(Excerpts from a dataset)
<<<<

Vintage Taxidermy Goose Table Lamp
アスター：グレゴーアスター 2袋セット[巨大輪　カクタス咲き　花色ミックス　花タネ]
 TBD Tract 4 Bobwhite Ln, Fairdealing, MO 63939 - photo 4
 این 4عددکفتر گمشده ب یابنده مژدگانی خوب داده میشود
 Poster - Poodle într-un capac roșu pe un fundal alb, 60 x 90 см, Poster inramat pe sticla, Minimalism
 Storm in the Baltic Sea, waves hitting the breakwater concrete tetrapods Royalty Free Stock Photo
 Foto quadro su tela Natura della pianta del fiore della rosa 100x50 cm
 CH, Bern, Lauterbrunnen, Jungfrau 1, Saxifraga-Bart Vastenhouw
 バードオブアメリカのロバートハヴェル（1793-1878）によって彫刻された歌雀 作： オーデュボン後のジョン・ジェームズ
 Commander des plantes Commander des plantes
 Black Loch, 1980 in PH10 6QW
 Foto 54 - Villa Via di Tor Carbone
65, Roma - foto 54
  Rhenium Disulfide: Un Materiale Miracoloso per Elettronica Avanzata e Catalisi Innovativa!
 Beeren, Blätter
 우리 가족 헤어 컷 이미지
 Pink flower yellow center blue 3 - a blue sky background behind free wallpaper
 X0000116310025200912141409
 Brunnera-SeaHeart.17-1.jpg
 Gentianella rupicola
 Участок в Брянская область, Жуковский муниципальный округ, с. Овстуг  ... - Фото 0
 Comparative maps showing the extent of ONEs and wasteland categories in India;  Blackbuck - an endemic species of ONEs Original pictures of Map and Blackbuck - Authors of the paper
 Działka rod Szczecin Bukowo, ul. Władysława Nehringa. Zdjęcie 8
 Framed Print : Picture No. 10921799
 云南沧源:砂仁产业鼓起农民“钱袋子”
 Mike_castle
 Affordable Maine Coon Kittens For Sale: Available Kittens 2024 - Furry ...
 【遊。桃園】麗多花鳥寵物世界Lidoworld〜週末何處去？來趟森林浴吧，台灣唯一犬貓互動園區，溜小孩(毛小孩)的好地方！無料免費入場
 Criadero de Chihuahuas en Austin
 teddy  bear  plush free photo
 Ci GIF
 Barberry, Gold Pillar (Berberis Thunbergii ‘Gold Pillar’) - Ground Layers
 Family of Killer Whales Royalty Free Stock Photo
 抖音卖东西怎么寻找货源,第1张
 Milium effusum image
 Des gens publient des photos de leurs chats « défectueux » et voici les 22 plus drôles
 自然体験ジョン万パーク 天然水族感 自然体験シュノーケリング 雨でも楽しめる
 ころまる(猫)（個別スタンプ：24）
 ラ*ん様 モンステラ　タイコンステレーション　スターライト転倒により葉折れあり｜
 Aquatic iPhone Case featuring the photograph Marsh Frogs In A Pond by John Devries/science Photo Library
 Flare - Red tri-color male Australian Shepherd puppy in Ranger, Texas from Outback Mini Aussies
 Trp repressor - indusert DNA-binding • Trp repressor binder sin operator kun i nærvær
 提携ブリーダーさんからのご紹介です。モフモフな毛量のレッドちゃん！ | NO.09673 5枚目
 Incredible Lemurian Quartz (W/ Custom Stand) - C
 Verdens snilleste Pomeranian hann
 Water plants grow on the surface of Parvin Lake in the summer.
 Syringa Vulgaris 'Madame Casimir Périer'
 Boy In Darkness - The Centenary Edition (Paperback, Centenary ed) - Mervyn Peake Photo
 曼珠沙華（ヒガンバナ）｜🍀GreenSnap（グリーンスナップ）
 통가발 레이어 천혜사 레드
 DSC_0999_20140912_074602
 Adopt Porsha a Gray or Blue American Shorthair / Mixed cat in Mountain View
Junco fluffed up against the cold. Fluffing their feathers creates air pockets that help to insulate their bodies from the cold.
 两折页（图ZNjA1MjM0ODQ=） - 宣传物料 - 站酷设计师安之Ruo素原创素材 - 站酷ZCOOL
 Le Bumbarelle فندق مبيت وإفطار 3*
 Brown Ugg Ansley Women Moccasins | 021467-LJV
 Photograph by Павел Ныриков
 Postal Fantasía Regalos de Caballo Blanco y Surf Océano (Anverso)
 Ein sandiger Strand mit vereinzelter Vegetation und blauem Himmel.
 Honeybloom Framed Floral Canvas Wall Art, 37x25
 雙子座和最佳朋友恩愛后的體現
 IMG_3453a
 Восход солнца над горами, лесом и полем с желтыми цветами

>>>>

• REQUIRED WORK
Please give a word-for-word repetition of the lines from the one containing "Photograph by Павел Ныриков" through the last line of the data above, including both, and nothing besides.

• ANSWER FOR THIS EXERCISE
 Photograph by Павел Ныриков
 Postal Fantasía Regalos de Caballo Blanco y Surf Océano (Anverso)
 Ein sandiger Strand mit vereinzelter Vegetation und blauem Himmel.
 Honeybloom Framed Floral Canvas Wall Art, 37x25
 雙子座和最佳朋友恩愛后的體現
 IMG_3453a
 Восход солнца над горами, лесом и полем с желтыми цветами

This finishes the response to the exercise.